对于相同的数据，结果会有所不同我只将 [2,3,4,5,6,7,8,9,10] 更改为 [2,4,6,8,10]

clf = DecisionTreeClassifier(random_state=42)

parameters = {'max_depth':[2,4,6,8,10],'min_samples_leaf':[2,4,6,8,10],\
          'min_samples_split':[2,4,6,8,10] }

scorer = make_scorer(f1_score)

grid_obj = GridSearchCV(clf, parameters, scoring=scorer)
grid_fit = grid_obj.fit(X_train, y_train)
best_clf = grid_fit.best_estimator_
best_clf.fit(X_train, y_train)
best_train_predictions = best_clf.predict(X_train)
best_test_predictions = best_clf.predict(X_test)

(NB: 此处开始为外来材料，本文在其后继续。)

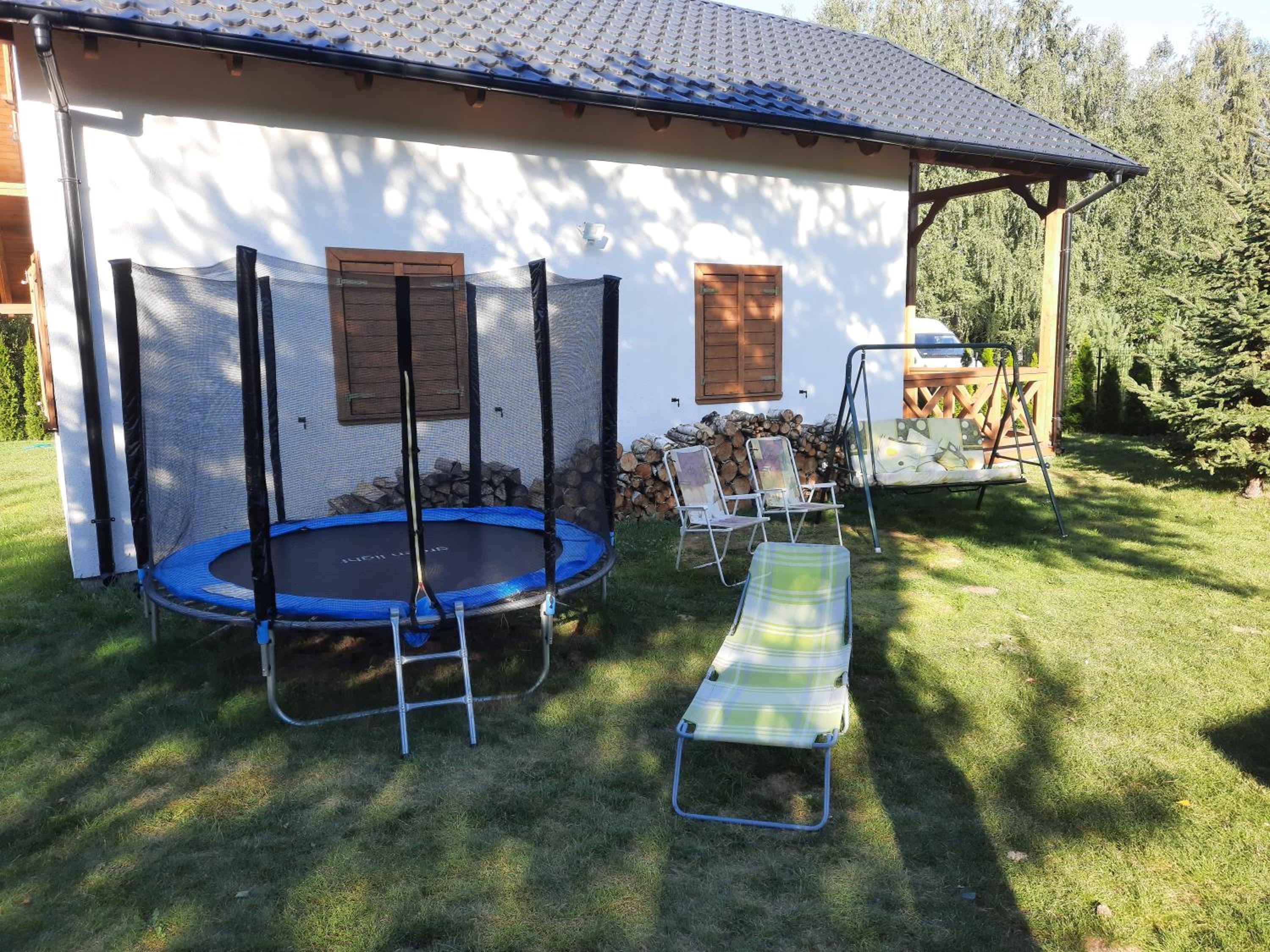 Domek całoroczny nad jeziorem Budzislawskim, Wielkopolska na wynajem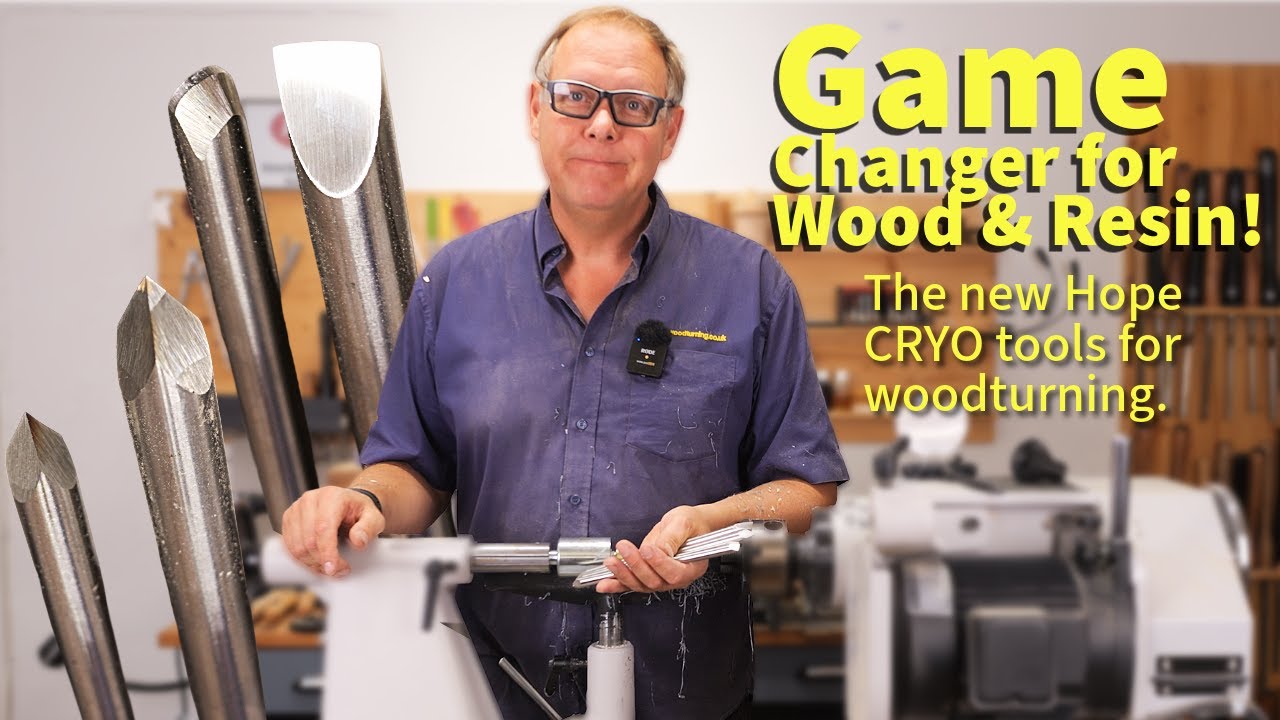 Hope CRYO Woodturning Tools Review – Easy to Use & Perfect for Resin and Wood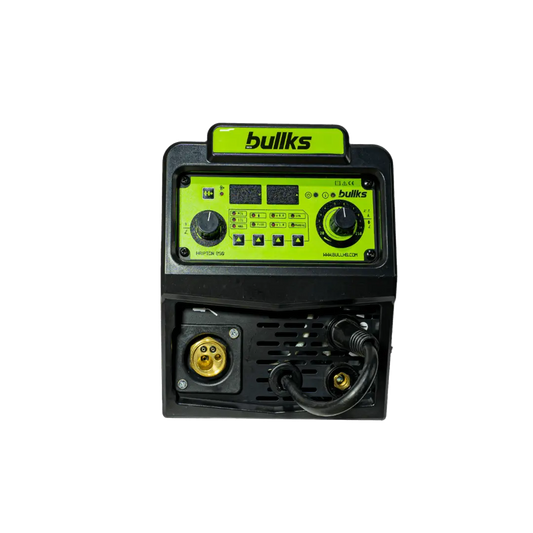 Equipo de Soldadura Multiproceso KRIPTON 250 MMA MIG TIG Bullks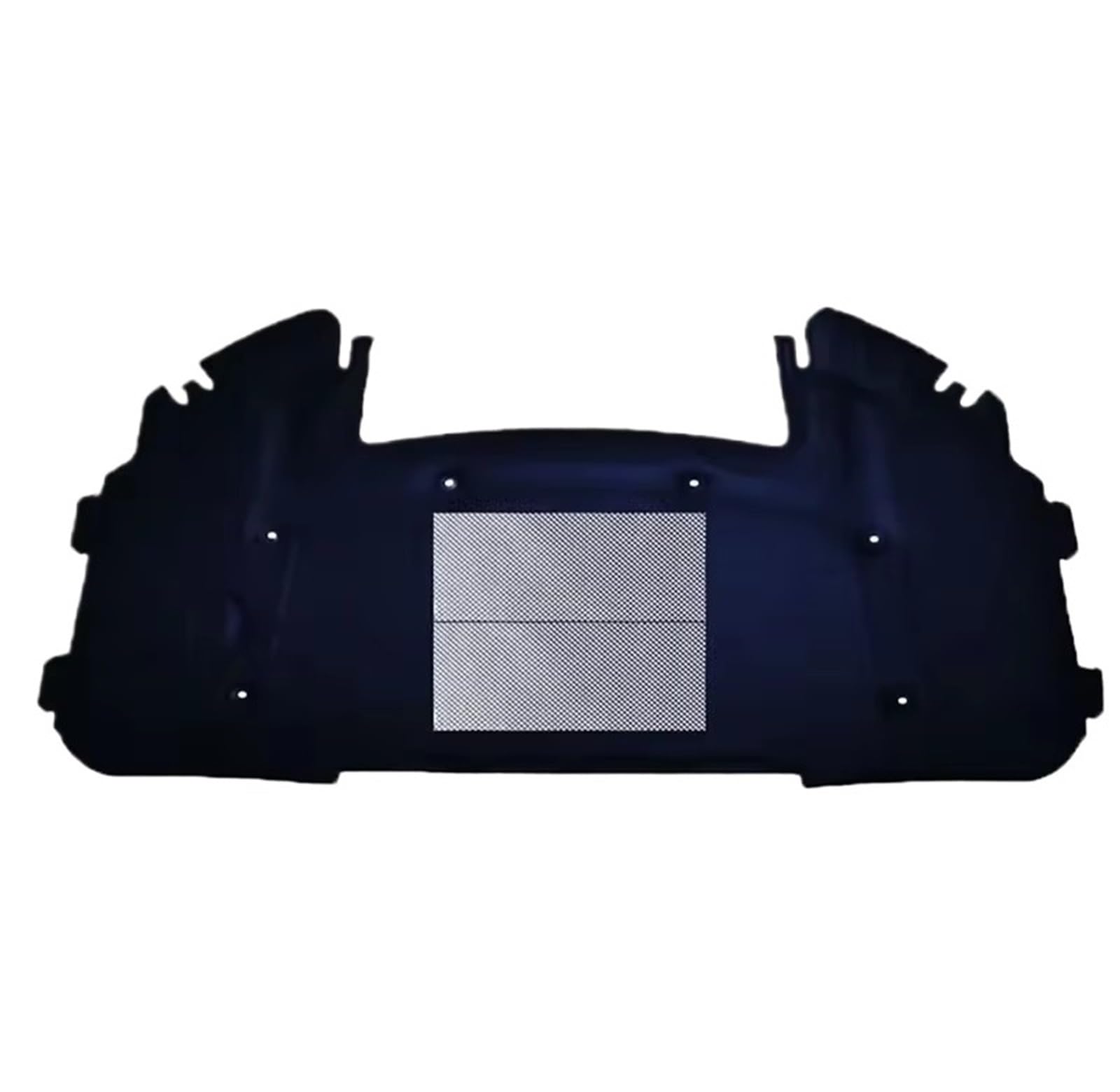 Fdurftar Two Pieces Of Alumin Cotton Soundproof Cover For Bmw For 3 Series For E90 E91 E92 E93 2005~2011 Car Hood Engine Trunk Insulation Pad Engine Hood Insulation Pad(Two Pieces Of Alumin)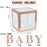 Baby Shower Balloon Box Decorations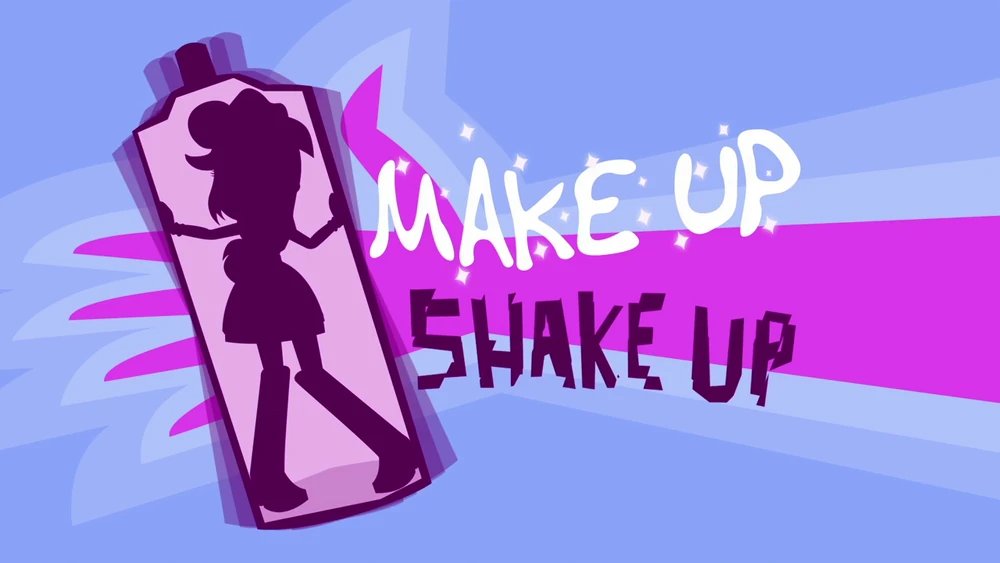 Trijosh1's tweet photo. Okay, I've seen AJ wearing dresses, but she looks kinda good wearing makeup. Also, hi Pony Twilight! 8/10 #Hasbro #MyLittlePony #EquestriaGirls #EquestriaGirlsSummertimeShorts #SummertimeShorts #EGSS #MakeUpShakeUp #Applejack #Rarity #TabithaStGermain https://t.co/qr66NceHeC
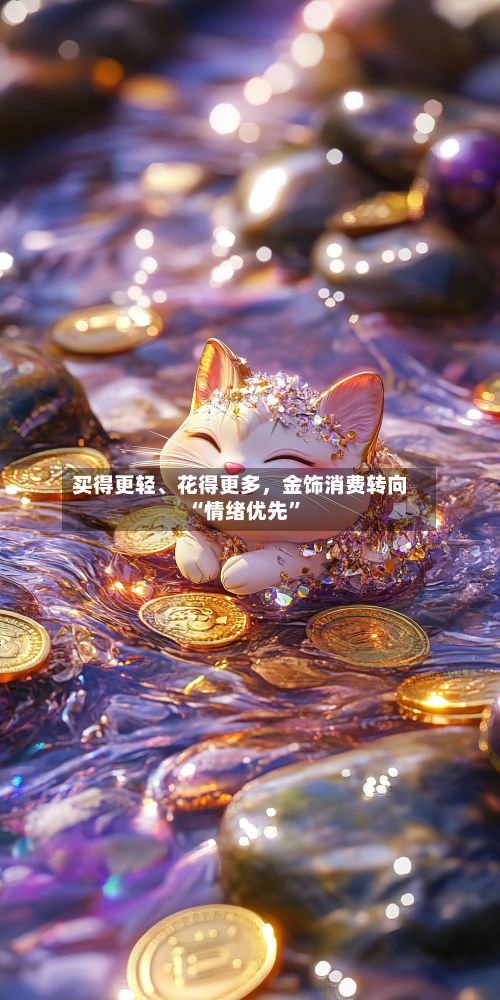 买得更轻	、花得更多，金饰消费转向“情绪优先	”-第3张图片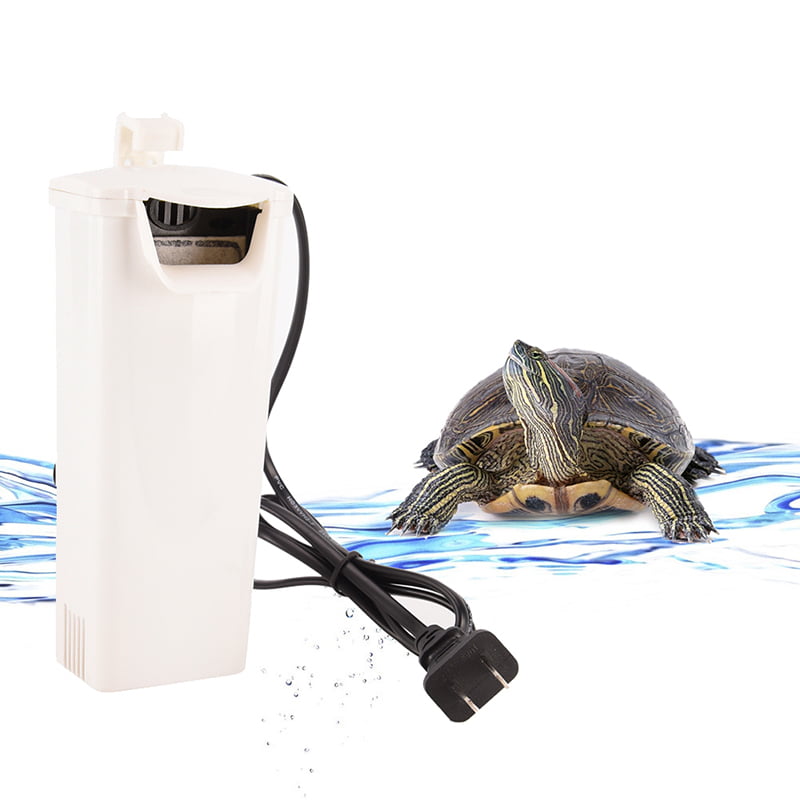 Low-Level Aquarium Filter Magnetism Turtle Amphibian Fish Tank Reptile Media NJ 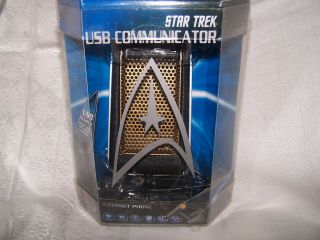 Star Trek Usb Communicator - Internet Phone - 2009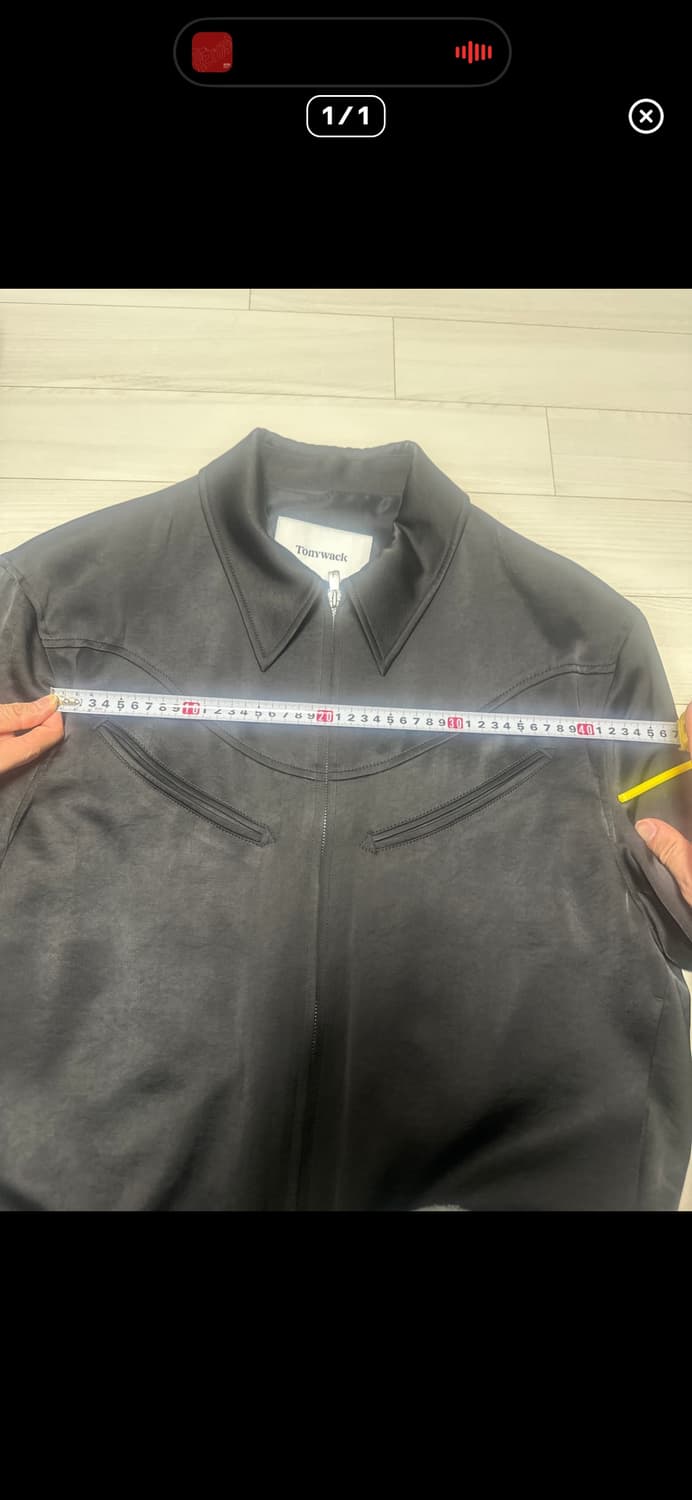 토니웩 미발매 블랙자켓 상품이미지5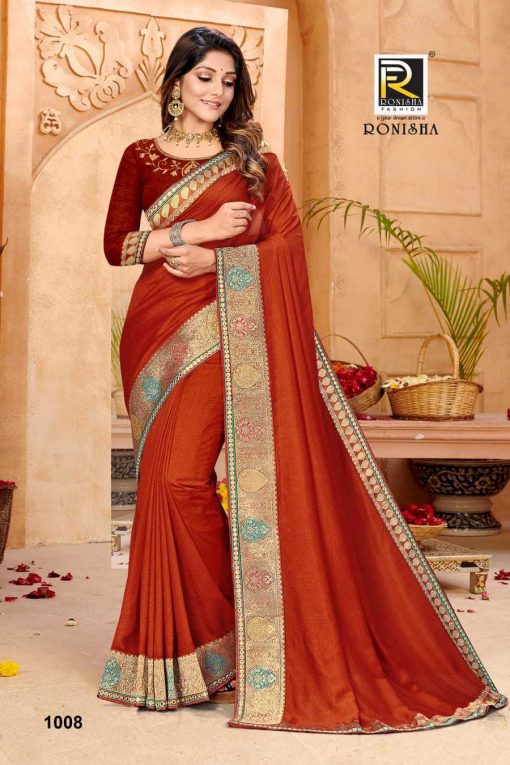 Ranjna Captain Saree Sari Wholesale Catalog 8 Pcs 6 1 510x765 - Ranjna Captain Saree Sari Wholesale Catalog 8 Pcs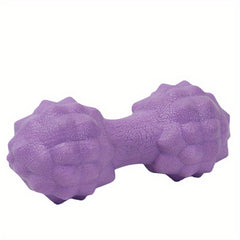 Yoga Massage Ball Peanut Shaped Massager for Muscle Relaxation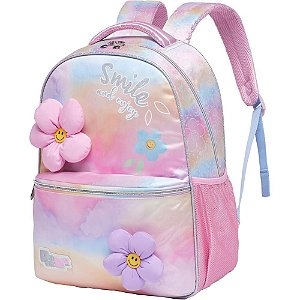 Mochila infantil Pack me daisy Unidade 998aq04 Pacific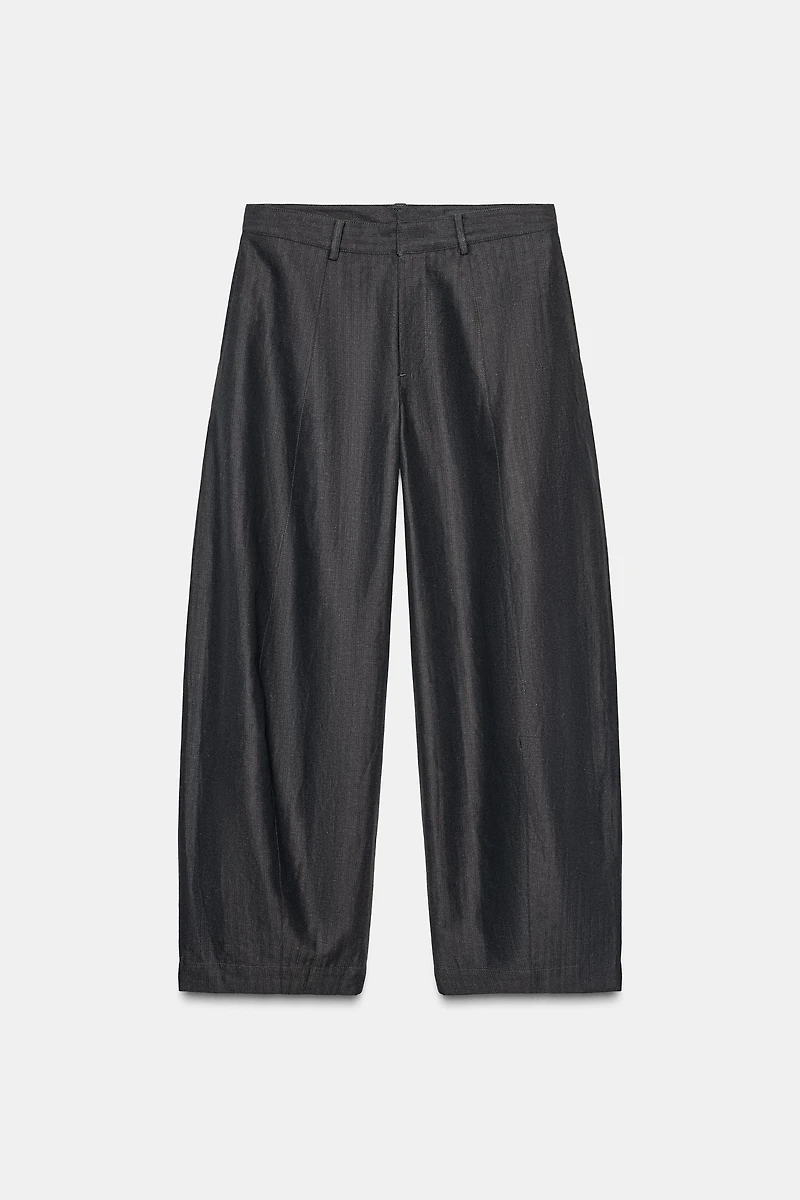 STRIPED PANTS ZW COLLECTION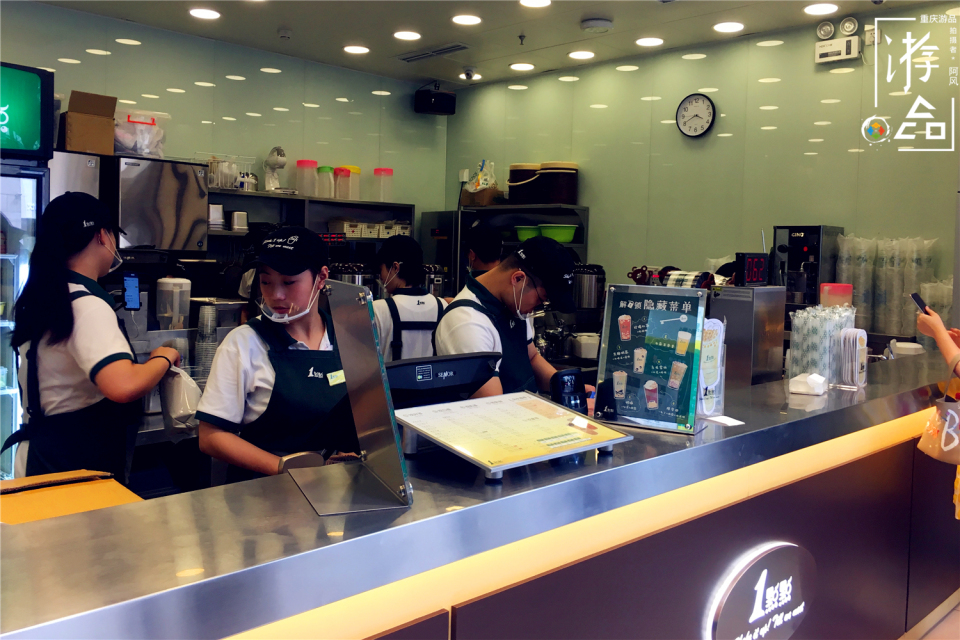 重庆奶茶饮品哪个好,重庆奶茶测评博主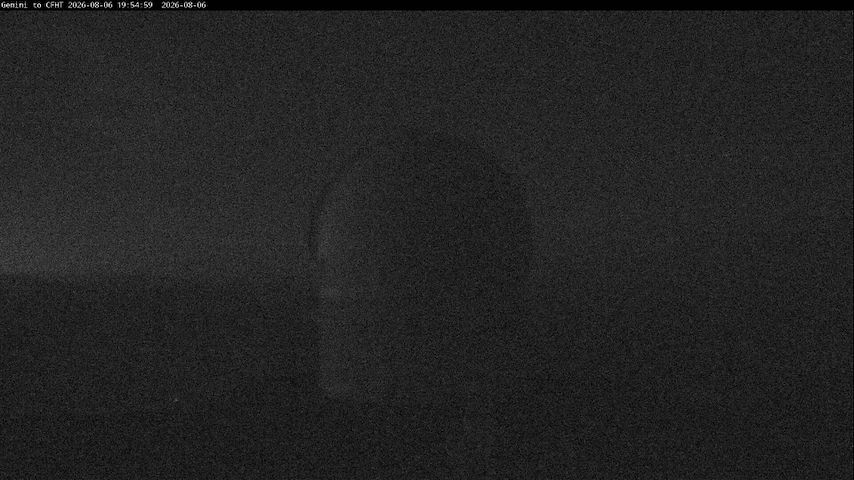 Kanal s kamerom uživo iz Canada-France-Hawaii Telescope - North u Hawaii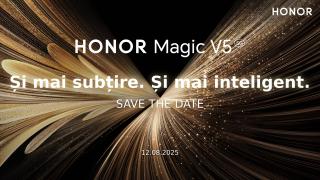 Honor Magic V5 se grăbește să ajungă în România! Pliabilul ultra-subțire vine oficial pe data de 12 august și la noi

print('The training F1 Score is', f1_score(best_train_predictions, y_train))
print('The testing F1 Score is', f1_score(best_test_predictions, y_test))

结果

The training F1 Score is 0.814814814815
The testing F1 Score is 0.8

对 GridsearchCV 的工作原理感到困惑

【问题讨论】：

在不同的地方可能会发生随机性。例如，在您的训练/测试拆分中可能会产生不同的结果
您是否对为什么这两种情况的分数不同感到困惑，或者更确切地说是为什么第一种低于第二种？
为什么分数不同

标签： python machine-learning scikit-learn gridsearchcv

【解决方案1】：

通过更改网格搜索分析的值，您将针对不同的超参数集评估和比较您的模型。请记住 GridSearch 最终所做的是选择最佳的超参数集。

因此，在您的代码中，grid_fit.best_estimator_ 可能是不同的模型，这很自然地解释了为什么它们会在训练集和测试集上产生不同的分数。

你可能在第一种情况下

clf = DecisionTreeClassifier(max_depth = 3, min_samples_leaf = 5, min_samples_split = 9)

在第二种情况下

clf = DecisionTreeClassifier(max_depth = 2, min_samples_leaf = 4, min_samples_split = 8)

（要检查它，您可以在每种情况下都使用grid_fit.best_params_）。

但是，您确实应该在第一种情况下获得更高的分数，因为您的第二次网格搜索使用的是第一次的参数子集。就像上面提到的@Attack68，这很可能是因为你在每一步都无法控制的随机性。

【讨论】：